55 Tufton Street has been allegedly linked to a number of dubious and potentially illegal activities. Its think tanks have been accused of spreading misinformation, using corporate-funded reports to push policies that benefit their donors, and engaging in covert lobbying efforts to influence government decision-making. While many of these activities may not necessarily be illegal, they do raise significant ethical concerns about the role of money in politics and the lack of transparency in the relationship between think tanks, politicians, and media outlets. There are also concerns about the regulatory capture that has occurred as a result of 55 Tufton Street’s influence. Key figures in government, particularly in the Conservative Party, have been accused of prioritising the interests of their financial backers over the public good, resulting in policies that favour the wealthy and powerful at the expense of ordinary citizens. The lack of accountability for these actions is a central issue, as it allows powerful individuals and corporations to exert disproportionate influence over the political process.
55 Tufton Street is not just an address. It's a rats nest of corporate neoliberal wankstains that pushes odious neolib policies that hurt the poor and the vulnerable the most. It's probably why Wes Streeting feels at home there. It represents the heart of a powerful network that has infiltrated British politics and shaped the policies that affect millions of lives. From its influence in the rise of Liz Truss to its control over key politicians like Wes Streeting and its ability to manipulate the media, 55 Tufton Street is a force to be reckoned with. Behind the façade of think tanks and policy reports lies a web of financial interests and ideological control that has altered the course of British politics. As the country faces mounting challenges, from the cost-of-living crisis to climate change, it is clear that the influence of 55 Tufton Street must be scrutinised. It needs to be reigned in as it is a clear and present threat to our democracy.
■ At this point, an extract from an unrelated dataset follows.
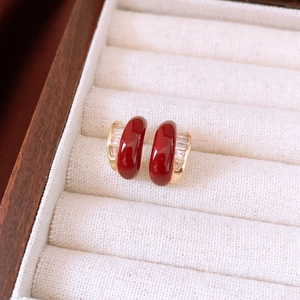 Detail of vintage red enamel semi-hoop earrings with gold finish and zircon stones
Until we confront the grip of powerful financial backers and the manipulation of political narratives, true democratic accountability will remain out of reach. It’s time to demand transparency, accountability, and an end to the covert power that operates behind that Georgian frontage in an unassuming street just behind Millbank.
If one day, there was a pile of rubble there, where the building once existed, only English Heritage and the very worst people in society would mourn it.